Former Prime Minister Manmohan Singh on Friday described demonetisation as an “unnecessary adventure” and said such moves had not succeeded anywhere in the world except some Latin American and African nations.
Singh’s comments came amid a renewed debate over the efficacy of the BJP-led government’s ban on Rs 500 and Rs 1000 notes, with then RBI governor Raghuram Rajan too recently speaking out againt the move.
“I don’t think it was technically and economically necessary to launch this adventure. If 86% of country currency is withdrawn from the system then there is bound to be a fallout,” Singh told a gathering of students, faculty and professionals at the Indian School of Business in Mohali.

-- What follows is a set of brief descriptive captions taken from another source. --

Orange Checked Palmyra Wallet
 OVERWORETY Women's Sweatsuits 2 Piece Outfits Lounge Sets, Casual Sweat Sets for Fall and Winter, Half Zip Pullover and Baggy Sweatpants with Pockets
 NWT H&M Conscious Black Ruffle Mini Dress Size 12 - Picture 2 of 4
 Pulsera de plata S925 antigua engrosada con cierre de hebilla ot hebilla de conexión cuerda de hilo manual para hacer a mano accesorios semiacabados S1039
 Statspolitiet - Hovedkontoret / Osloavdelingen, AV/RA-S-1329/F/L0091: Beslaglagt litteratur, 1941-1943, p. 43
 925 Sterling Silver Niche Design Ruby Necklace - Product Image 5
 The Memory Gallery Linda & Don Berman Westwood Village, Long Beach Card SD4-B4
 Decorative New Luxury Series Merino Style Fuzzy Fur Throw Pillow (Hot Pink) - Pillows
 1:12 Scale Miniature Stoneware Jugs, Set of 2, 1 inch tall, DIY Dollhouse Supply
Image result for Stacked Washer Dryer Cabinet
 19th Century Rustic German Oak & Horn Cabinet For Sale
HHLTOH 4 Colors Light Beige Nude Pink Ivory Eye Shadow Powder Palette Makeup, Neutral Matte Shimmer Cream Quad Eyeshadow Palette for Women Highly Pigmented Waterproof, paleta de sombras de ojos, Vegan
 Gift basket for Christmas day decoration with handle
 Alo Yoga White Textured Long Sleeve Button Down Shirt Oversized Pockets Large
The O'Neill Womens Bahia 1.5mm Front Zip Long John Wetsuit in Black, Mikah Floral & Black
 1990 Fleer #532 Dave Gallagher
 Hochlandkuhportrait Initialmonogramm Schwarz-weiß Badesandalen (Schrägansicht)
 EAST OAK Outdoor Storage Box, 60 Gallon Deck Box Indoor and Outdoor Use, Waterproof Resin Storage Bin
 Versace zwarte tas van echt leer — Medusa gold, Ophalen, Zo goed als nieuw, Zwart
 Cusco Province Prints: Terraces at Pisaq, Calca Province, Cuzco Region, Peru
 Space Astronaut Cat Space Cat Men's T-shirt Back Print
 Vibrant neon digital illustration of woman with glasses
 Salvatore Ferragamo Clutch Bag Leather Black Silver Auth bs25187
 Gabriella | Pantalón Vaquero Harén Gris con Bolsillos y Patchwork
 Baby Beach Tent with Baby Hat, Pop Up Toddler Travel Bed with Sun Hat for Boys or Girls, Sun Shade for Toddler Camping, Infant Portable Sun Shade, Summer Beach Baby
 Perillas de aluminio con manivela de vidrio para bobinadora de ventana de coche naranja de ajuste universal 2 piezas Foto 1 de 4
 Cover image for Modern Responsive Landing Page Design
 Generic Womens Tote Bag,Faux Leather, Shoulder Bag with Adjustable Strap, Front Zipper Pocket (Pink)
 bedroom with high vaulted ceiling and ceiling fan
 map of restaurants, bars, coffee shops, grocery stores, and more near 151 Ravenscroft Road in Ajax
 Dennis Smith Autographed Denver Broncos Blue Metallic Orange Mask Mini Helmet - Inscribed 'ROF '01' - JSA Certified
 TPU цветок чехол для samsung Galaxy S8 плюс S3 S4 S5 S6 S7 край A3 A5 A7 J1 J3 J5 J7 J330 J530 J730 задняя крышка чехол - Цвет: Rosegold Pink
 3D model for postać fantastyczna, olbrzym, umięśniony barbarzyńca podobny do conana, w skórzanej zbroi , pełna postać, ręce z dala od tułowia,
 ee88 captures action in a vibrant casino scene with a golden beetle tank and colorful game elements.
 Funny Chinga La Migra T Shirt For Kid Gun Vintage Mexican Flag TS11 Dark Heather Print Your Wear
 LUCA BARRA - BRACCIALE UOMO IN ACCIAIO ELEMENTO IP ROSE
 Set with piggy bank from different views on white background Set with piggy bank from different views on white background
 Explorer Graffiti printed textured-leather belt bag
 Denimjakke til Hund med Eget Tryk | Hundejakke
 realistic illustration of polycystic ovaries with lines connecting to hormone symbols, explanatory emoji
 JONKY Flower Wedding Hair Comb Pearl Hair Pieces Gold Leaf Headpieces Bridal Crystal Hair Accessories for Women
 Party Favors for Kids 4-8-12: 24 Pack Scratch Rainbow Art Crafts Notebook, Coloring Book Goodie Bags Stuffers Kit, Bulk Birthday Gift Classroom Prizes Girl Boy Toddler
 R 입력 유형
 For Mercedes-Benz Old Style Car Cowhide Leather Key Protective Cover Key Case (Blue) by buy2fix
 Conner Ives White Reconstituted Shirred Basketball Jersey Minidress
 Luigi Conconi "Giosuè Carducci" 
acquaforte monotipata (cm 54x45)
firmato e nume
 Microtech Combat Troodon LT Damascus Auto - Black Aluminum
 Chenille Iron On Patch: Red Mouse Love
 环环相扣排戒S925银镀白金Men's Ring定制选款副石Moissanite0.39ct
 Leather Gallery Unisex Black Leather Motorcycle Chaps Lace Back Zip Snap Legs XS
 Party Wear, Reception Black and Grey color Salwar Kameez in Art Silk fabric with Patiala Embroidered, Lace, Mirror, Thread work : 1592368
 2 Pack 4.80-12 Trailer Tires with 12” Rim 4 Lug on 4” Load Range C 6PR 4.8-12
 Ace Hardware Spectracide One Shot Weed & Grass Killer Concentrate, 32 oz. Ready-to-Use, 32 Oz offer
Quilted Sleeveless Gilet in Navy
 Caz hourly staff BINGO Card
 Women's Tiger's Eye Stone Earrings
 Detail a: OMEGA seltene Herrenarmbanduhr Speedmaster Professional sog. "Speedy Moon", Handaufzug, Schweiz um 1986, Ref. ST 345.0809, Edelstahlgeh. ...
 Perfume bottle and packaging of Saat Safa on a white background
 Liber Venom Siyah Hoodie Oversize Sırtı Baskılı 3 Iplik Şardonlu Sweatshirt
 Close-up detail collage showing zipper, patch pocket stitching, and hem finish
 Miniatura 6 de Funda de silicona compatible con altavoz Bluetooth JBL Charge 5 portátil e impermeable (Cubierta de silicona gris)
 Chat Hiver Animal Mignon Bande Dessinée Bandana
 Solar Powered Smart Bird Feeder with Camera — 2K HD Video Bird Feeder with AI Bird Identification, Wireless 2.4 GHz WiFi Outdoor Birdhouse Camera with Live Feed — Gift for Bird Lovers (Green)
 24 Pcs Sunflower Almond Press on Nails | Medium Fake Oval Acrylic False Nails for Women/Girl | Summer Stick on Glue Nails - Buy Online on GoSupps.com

Singh said the economy slowed down due to demonetisation as well glitches in the implementation of the Goods and Service tax (GST) regime.
In the last quarter of 2016-17, the growth rate of GDP was 6.1% as compared to 5.7% in the first quarter of 2017-18, he said, months after a forceful speech in Parliament when he described demonetisation as a “monumental mismanagement” and predicted that it might shave at least 2 percentage points off India’s economic growth rate.
“We must grow at 7 to 8% to resolve our development issues,” he added.
Earlier this month, Rajan estimated that the country’s GDP had taken a hit of between 1% to 2% due to demonetisation, which translated to a sum of around Rs 2 lakh crore.
The former Prime Minister said authoritarian responses cannot solve the real problems of the people or make life worth living.
“Promotion of scientific temper, respect for dissent and a society governed by the rule of law are an integral part of the value system of a democratic polity,” Singh said, in what is being seen as a swipe at the Narendra Modi government.
Quoting Nobel winning scientist, Venkatraman Ramakrishnan, Singh said if India has to solve its development problems of poverty, ignorance, unemployment, it has to lay more emphasis on science and innovation.
“I further suggest that greater use of science and technology will increase agricultural productivity, increase competitiveness of small and medium enterprises and improve the quality of governance so as to better the ease of doing business in our country,’’ said the former PM who is credited with opening up India’s economy as the Union finance minister in 1991.
An acclaimed economist, Singh also said the economic policies of the past 25 years, which have resulted in significant development in India, have proved sceptics wrong about the concept of liberalisation.
“At that time, there were many people who were sceptical about the success of the new policies. However, we have proved them wrong. It is indeed a matter of pride that inspite of many changes in government at the political level, the broad thrust and direction of economic policies have remained unchanged in the last 25 years,” he added.